● Prompt
Would you copy exactly the lines in the data below from the one that has "Kıvırcık saçlı mutlu" through the one that has "the tacos are", dropping any pictures?

● Input for this task
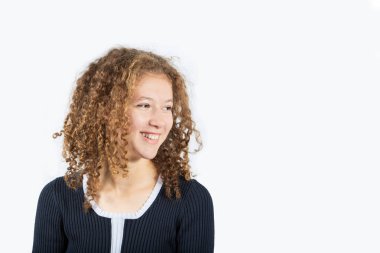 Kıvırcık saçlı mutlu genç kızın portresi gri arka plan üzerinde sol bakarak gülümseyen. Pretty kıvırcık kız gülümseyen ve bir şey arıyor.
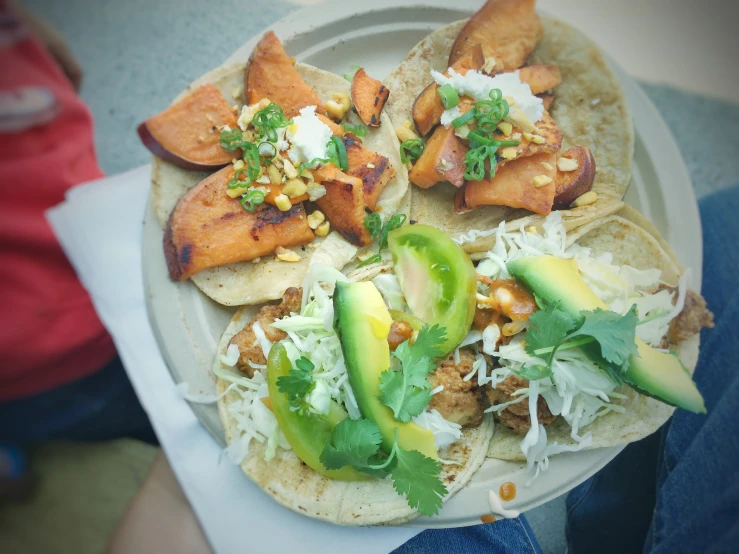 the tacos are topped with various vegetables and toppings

...

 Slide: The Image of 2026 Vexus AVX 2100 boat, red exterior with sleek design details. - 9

--

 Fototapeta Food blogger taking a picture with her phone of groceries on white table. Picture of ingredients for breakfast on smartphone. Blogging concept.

● Result of this task
 Kıvırcık saçlı mutlu genç kızın portresi gri arka plan üzerinde sol bakarak gülümseyen. Pretty kıvırcık kız gülümseyen ve bir şey arıyor.
 the tacos are topped with various vegetables and toppings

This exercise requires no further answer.